What you should do :: Repeat nothing but the lines below running from the one containing "ARK:Scorched Earth #2" to the one containing "Healing Energy Flows". Keep both end lines.
Data to process START
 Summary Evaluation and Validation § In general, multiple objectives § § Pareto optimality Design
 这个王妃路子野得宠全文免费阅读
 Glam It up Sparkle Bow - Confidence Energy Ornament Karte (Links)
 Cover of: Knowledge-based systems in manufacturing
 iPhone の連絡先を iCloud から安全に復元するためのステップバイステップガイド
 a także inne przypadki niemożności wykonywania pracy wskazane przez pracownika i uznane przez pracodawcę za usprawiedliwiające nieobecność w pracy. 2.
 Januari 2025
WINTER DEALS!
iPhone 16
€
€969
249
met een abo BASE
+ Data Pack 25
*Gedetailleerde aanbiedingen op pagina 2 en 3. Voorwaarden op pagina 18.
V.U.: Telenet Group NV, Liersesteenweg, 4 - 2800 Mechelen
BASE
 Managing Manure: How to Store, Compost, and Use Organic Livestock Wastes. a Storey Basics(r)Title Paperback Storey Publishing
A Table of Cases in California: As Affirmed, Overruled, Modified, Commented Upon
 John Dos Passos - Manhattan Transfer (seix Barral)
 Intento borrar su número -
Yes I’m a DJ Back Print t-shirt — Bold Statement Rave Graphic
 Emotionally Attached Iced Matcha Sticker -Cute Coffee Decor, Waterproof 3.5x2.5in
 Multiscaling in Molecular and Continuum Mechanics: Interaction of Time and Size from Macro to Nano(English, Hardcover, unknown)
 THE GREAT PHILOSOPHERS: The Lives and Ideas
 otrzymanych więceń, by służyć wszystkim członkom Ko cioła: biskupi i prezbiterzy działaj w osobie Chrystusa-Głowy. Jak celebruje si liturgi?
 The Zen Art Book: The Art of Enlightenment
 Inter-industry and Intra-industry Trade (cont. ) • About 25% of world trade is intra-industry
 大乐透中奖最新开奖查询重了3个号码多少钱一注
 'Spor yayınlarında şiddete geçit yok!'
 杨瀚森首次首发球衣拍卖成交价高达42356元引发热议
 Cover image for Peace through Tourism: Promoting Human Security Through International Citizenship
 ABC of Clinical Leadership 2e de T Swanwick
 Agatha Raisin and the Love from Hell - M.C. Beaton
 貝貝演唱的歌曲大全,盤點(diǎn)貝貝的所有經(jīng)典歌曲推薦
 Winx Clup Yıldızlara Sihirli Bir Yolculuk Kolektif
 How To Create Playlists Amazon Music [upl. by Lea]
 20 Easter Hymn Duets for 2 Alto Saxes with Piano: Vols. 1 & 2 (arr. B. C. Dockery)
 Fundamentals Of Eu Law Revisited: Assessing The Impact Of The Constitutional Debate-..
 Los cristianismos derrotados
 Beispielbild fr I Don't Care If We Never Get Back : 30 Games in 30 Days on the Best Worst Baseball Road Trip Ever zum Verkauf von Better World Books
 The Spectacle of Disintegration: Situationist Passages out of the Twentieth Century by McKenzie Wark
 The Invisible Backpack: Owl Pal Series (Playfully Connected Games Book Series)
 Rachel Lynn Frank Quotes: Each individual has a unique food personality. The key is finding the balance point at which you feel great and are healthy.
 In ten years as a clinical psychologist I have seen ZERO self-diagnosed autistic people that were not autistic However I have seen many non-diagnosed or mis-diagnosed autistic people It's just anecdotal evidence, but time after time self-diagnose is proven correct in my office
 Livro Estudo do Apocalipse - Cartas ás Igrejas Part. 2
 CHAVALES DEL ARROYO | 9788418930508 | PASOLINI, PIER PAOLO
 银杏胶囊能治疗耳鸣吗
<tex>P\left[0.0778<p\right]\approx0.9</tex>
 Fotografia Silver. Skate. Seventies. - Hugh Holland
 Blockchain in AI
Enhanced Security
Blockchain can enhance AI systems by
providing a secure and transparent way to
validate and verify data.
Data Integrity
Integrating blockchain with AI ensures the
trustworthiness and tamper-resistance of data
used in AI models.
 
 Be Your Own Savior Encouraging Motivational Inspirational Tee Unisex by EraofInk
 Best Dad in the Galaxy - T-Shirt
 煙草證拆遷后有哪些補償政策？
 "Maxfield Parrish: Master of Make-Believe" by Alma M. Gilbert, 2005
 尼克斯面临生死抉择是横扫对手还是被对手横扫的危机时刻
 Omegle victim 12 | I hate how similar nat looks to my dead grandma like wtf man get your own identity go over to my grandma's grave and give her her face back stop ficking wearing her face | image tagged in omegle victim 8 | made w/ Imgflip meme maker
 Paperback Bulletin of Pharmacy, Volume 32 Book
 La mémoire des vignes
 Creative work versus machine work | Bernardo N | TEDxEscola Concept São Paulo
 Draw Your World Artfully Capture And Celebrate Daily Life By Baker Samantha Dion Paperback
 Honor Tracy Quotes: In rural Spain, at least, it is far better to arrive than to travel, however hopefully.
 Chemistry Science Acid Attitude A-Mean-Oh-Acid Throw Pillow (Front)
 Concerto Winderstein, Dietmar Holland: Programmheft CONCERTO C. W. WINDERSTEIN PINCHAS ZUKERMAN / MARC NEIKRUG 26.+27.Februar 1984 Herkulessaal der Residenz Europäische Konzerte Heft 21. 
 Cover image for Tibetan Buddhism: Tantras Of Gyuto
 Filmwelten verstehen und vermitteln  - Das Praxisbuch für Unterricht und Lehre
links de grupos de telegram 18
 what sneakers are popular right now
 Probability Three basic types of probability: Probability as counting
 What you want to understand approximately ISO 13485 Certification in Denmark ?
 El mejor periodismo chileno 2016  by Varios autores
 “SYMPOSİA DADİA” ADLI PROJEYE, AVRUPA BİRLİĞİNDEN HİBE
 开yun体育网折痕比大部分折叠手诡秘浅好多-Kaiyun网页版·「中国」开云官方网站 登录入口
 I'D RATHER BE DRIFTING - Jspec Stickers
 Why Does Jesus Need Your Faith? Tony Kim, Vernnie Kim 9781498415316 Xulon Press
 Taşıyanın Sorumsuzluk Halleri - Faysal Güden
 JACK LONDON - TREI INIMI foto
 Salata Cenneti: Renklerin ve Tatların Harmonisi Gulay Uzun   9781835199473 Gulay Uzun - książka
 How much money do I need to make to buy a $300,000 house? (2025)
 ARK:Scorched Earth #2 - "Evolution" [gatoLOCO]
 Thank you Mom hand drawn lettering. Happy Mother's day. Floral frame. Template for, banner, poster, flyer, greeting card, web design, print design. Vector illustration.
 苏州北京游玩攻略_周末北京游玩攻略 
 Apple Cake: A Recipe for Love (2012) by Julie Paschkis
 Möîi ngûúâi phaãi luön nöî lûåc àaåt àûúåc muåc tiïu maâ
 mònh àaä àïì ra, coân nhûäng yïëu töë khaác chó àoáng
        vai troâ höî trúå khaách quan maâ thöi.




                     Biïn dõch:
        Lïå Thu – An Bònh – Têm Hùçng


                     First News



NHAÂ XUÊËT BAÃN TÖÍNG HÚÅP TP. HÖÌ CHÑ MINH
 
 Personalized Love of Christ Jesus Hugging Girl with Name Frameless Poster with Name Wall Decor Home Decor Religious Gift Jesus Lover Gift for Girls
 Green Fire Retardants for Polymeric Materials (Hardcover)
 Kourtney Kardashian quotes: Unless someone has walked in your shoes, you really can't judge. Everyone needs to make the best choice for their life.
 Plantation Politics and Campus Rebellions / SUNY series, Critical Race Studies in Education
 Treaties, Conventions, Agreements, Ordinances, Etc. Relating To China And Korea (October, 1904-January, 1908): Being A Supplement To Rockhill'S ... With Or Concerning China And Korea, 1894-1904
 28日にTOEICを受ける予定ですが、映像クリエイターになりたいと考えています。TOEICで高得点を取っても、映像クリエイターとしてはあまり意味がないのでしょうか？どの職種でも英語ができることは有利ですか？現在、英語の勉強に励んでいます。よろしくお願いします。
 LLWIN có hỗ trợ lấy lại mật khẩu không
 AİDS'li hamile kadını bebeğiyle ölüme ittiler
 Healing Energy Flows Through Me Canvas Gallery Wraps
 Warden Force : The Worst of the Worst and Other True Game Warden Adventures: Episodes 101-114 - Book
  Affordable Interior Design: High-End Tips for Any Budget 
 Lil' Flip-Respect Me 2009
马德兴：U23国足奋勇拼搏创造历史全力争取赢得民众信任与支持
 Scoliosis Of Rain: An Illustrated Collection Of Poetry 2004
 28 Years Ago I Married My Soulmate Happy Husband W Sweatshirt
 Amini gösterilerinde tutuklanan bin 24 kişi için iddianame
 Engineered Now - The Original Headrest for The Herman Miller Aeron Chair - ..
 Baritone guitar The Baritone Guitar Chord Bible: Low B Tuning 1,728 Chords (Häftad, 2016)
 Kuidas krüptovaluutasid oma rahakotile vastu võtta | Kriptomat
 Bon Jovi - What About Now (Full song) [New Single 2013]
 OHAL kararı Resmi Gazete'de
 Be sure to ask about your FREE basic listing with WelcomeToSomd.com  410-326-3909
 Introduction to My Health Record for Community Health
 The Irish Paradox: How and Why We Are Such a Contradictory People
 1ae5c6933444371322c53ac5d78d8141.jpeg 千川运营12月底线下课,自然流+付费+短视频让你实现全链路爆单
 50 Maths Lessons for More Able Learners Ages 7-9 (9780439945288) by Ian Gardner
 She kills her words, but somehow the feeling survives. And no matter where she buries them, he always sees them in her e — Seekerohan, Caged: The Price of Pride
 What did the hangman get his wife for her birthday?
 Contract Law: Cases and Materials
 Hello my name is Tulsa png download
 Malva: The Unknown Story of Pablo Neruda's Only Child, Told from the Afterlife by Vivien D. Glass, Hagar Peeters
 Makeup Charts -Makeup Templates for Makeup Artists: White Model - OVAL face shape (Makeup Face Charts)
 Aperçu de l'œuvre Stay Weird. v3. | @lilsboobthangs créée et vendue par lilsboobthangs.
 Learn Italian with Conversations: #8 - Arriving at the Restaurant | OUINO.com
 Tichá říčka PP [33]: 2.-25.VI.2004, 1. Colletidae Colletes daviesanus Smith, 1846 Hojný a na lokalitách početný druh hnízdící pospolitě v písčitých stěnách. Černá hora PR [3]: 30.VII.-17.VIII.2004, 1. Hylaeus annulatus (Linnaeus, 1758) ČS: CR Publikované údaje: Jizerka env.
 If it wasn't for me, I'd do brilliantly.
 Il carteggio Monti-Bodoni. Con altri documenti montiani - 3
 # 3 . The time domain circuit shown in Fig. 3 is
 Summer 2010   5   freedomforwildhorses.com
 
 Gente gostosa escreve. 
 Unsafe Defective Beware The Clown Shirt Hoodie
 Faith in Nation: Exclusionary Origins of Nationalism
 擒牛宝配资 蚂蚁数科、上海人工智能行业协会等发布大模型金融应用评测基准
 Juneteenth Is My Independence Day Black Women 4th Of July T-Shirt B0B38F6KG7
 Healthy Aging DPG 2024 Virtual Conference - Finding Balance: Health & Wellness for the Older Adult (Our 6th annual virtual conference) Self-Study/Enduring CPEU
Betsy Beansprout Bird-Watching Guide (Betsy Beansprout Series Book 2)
Data to process END
Response to the exercise ::
 ARK:Scorched Earth #2 - "Evolution" [gatoLOCO]
 Thank you Mom hand drawn lettering. Happy Mother's day. Floral frame. Template for, banner, poster, flyer, greeting card, web design, print design. Vector illustration.
 苏州北京游玩攻略_周末北京游玩攻略 
 Apple Cake: A Recipe for Love (2012) by Julie Paschkis
 Möîi ngûúâi phaãi luön nöî lûåc àaåt àûúåc muåc tiïu maâ
 mònh àaä àïì ra, coân nhûäng yïëu töë khaác chó àoáng
        vai troâ höî trúå khaách quan maâ thöi.




                     Biïn dõch:
        Lïå Thu – An Bònh – Têm Hùçng


                     First News



NHAÂ XUÊËT BAÃN TÖÍNG HÚÅP TP. HÖÌ CHÑ MINH
 
 Personalized Love of Christ Jesus Hugging Girl with Name Frameless Poster with Name Wall Decor Home Decor Religious Gift Jesus Lover Gift for Girls
 Green Fire Retardants for Polymeric Materials (Hardcover)
 Kourtney Kardashian quotes: Unless someone has walked in your shoes, you really can't judge. Everyone needs to make the best choice for their life.
 Plantation Politics and Campus Rebellions / SUNY series, Critical Race Studies in Education
 Treaties, Conventions, Agreements, Ordinances, Etc. Relating To China And Korea (October, 1904-January, 1908): Being A Supplement To Rockhill'S ... With Or Concerning China And Korea, 1894-1904
 28日にTOEICを受ける予定ですが、映像クリエイターになりたいと考えています。TOEICで高得点を取っても、映像クリエイターとしてはあまり意味がないのでしょうか？どの職種でも英語ができることは有利ですか？現在、英語の勉強に励んでいます。よろしくお願いします。
 LLWIN có hỗ trợ lấy lại mật khẩu không
 AİDS'li hamile kadını bebeğiyle ölüme ittiler
 Healing Energy Flows Through Me Canvas Gallery Wraps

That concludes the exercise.